* [WHAT YOU WILL DO]
Excluding pictures, retype the line with "2024 HYUNDAI CN7 i30 SEDAN HEV" and each line that follows it to the end of the data below, word for word.

* [DATA PROVIDED]
━━━━━━
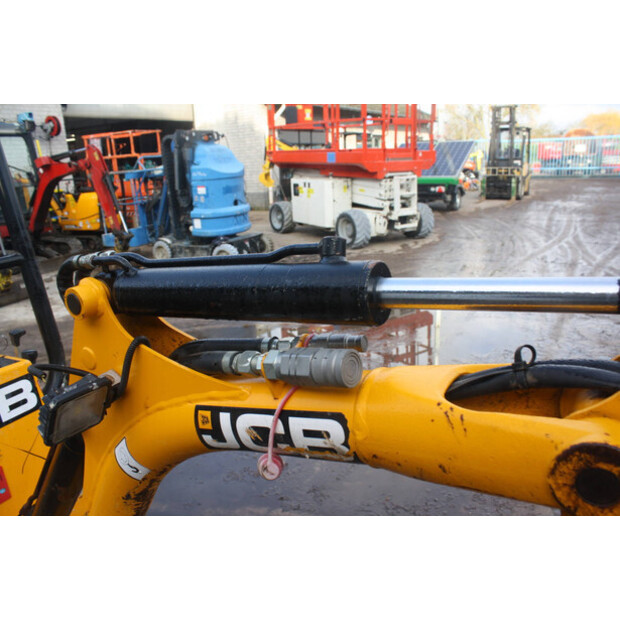 2022 JCB 8008 CT-44215755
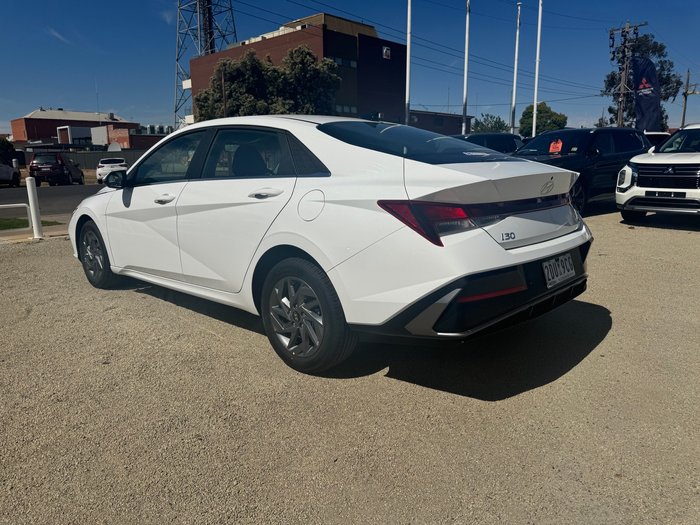 2024 HYUNDAI CN7 i30 SEDAN HEV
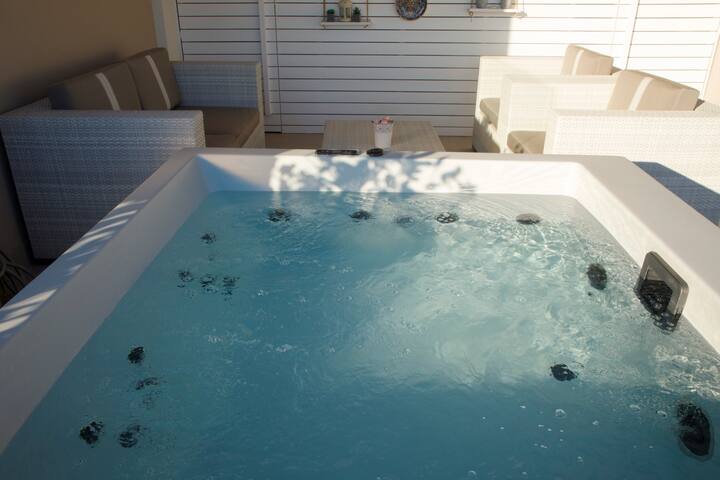 Amazing Acropolis View Penthouse with outdoor spa gallery image 5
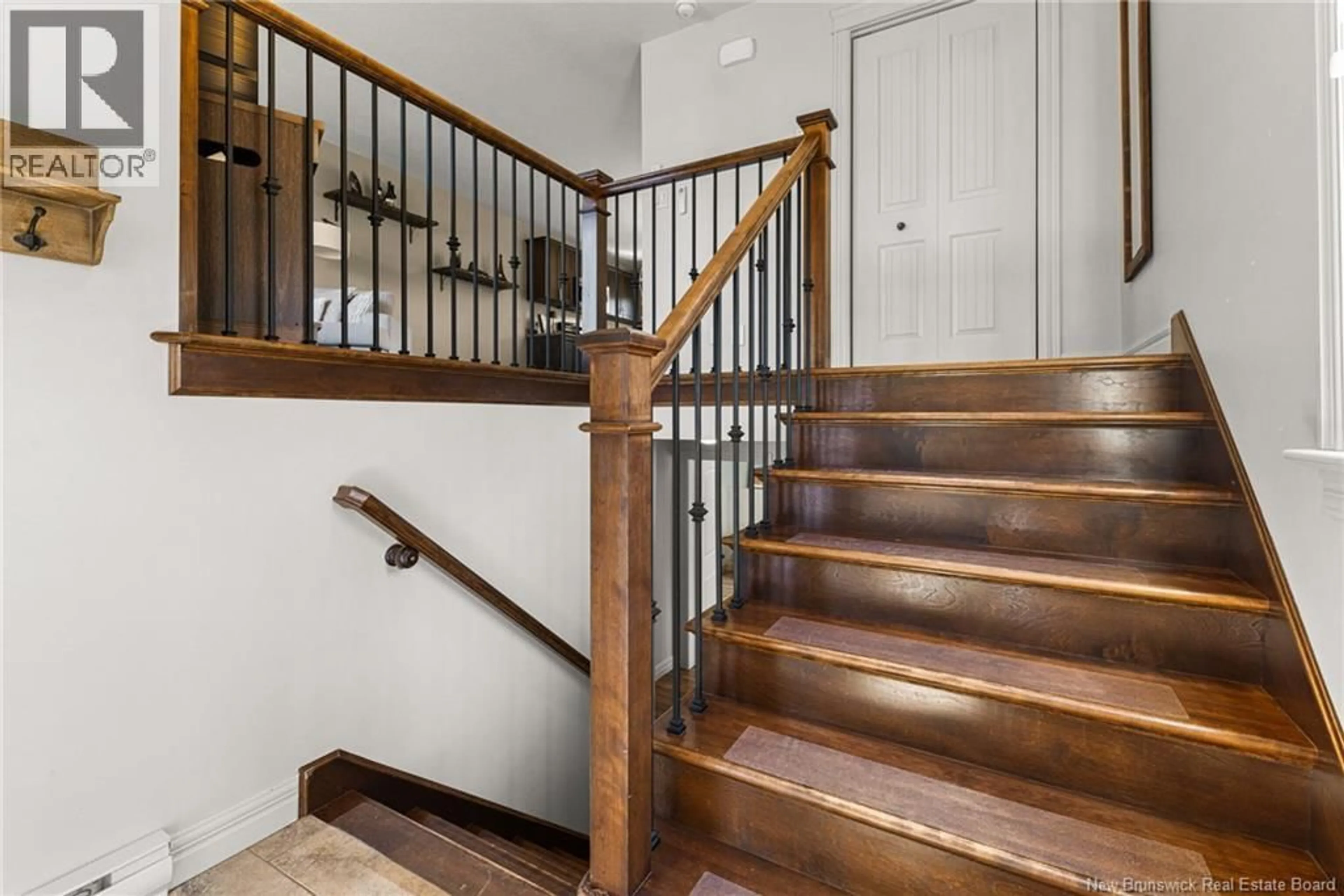 Stairs for 43 DES FRENES COURT, Dieppe New Brunswick E1A9B4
━━━━━━
* [ANSWER BOX]
 2024 HYUNDAI CN7 i30 SEDAN HEV
 Amazing Acropolis View Penthouse with outdoor spa gallery image 5
 Stairs for 43 DES FRENES COURT, Dieppe New Brunswick E1A9B4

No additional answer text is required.